Violences en Ethiopie : l’Union européenne demande l’ouverture d’enquêtes
Violences en Ethiopie : l’Union européenne demande l’ouverture d’enquêtes
Le Monde.fr avec AFP
L’est du pays est le théâtre d’affrontements communautaires qui ont fait plusieurs centaines de morts et des centaines de milliers de déplacés.
L’Union européenne (UE) a demandé, mercredi 20 décembre, l’ouverture de plusieurs « enquêtes indépendantes » en Ethiopie après de récents affrontements communautaires dans les régions Oromia et Somali, dans l’est du pays, qui auraient fait au moins 61 morts la semaine dernière, selon les autorités locales.
Les violences opposant des membres des communautés somali et oromo « ont provoqué de nombreuses victimes » et « suscitent l’inquiétude, en particulier au regard de leur nature de plus en plus ethnique », selon un communiqué du Service européen pour l’action extérieure.
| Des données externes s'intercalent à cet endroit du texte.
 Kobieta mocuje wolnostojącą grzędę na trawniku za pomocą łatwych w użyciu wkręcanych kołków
L’UE appelle à l’ouverture « d’enquêtes indépendantes sur tous les actes de violence ».
« Nettoyage ethnique »
Jeudi 14 et vendredi 15 décembre, plusieurs dizaines de personnes ont été tuées dans la zone de Harargue Ouest, à proximité de la frontière entre les régions Oromia et Somali, théâtre de violences, depuis plusieurs mois, qui ont fait plusieurs centaines de morts et des centaines de milliers de déplacés, selon les chiffres officiels.
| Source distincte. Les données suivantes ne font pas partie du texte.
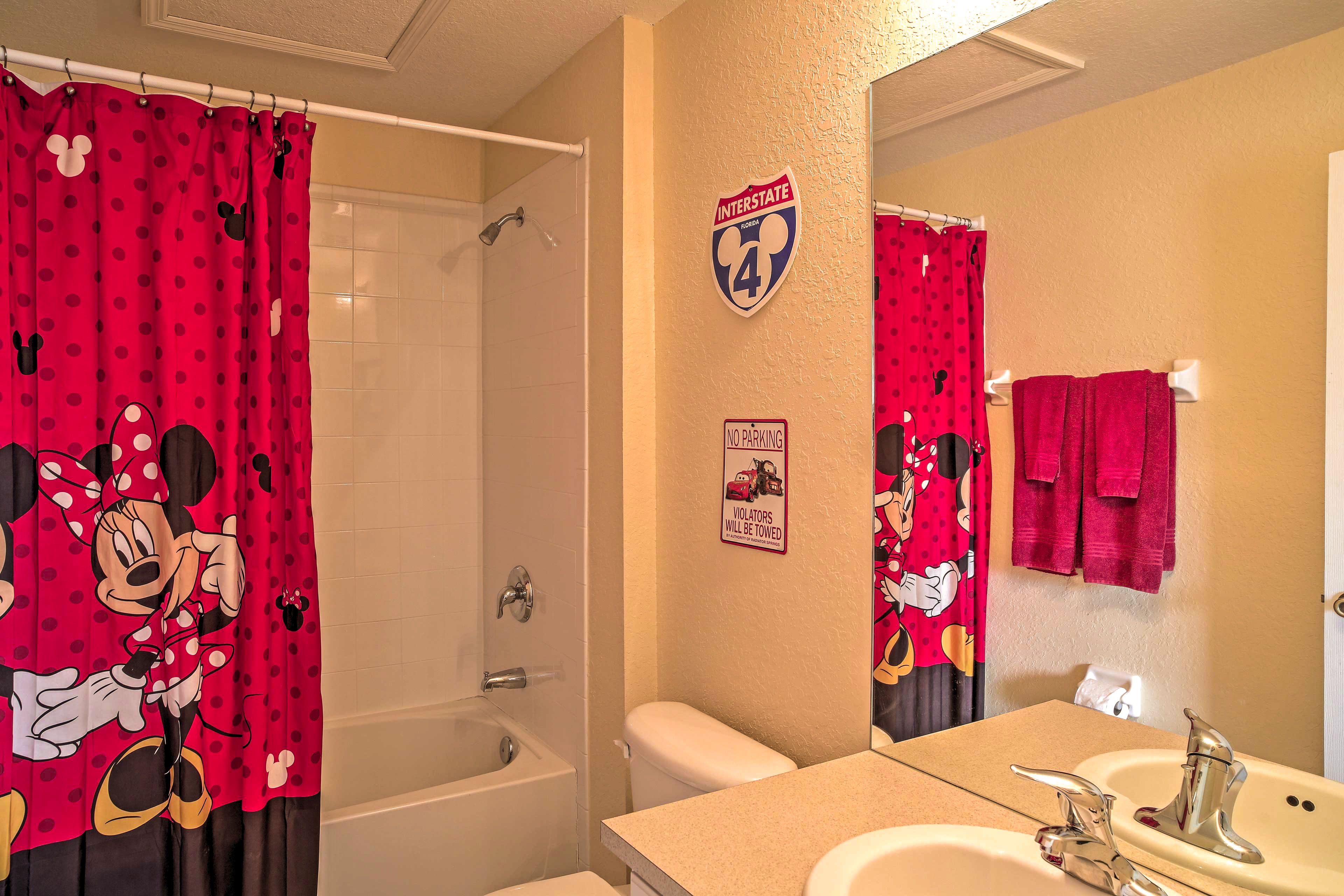 The final bathroom features a shower/tub combo.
Dimanche, dans un message publié sur son compte Facebook personnel, le porte-parole de l’Etat-région Oromia évoquait 61 morts dans ces affrontements. Selon Addisu Arega Kitessa, des hommes armés ont attaqué, jeudi 14 décembre, des Oromo dans les districts d’Hawi Gudina et Daro Lebu, tuant 29 personnes. Quelques heures plus tard, des proches des victimes auraient tué en représailles 32 Somali vivant dans le voisinage.
Dans une lettre ouverte adressée notamment au premier ministre et au Conseil de sécurité des Nations unies, des notables somali de Harargue Ouest parlent, eux, de « 200 personnes [tuées] lors de ce jour tragique », le 15 décembre, et dénoncent une « campagne de nettoyage ethnique » menée, d’après eux, par les autorités de la région Oromia depuis 2004 et « qui s’est progressivement intensifiée ces trois dernières années ». « La communauté éthio-somali […] vit traditionnellement dans Harargue Ouest depuis des siècles […]. Plus de 90 % d’entre nous parlent l’oromifa et pas la langue somali », ont souligné les signataires.
Le premier ministre, Hailemariam Dessalegn, a présenté dimanche dans une allocution télévisée ses condoléances pour ce qu’il a qualifié de « tuerie de masse ».
Différends fonciers
Depuis septembre, les affrontements communautaires auraient entraîné le déplacement de centaines de milliers d’Oromo de la région Somali et de Somalis de la région Oromia. Ces violences illustrent les tensions qui traversent le système de gouvernance éthiopien, dit de « fédéralisme ethnique », censé offrir un degré d’autonomie aux différentes communautés du pays, divisé depuis 1995 en neuf régions administratives. Les détracteurs de ce système disent qu’il contribue dangereusement à exacerber les sentiments d’appartenance et à « ethniciser » d’anciens différends fonciers dans le deuxième pays le plus peuplé d’Afrique (plus de 100 millions d’habitants).
Depuis plus de deux ans, l’Ethiopie est secouée par des protestations à caractère social, économique et politique qui ont fait près d’un millier de morts, selon la Commission éthiopienne des droits de l’homme, et conduit le pouvoir à instaurer l’état d’urgence d’octobre 2016 à août 2017.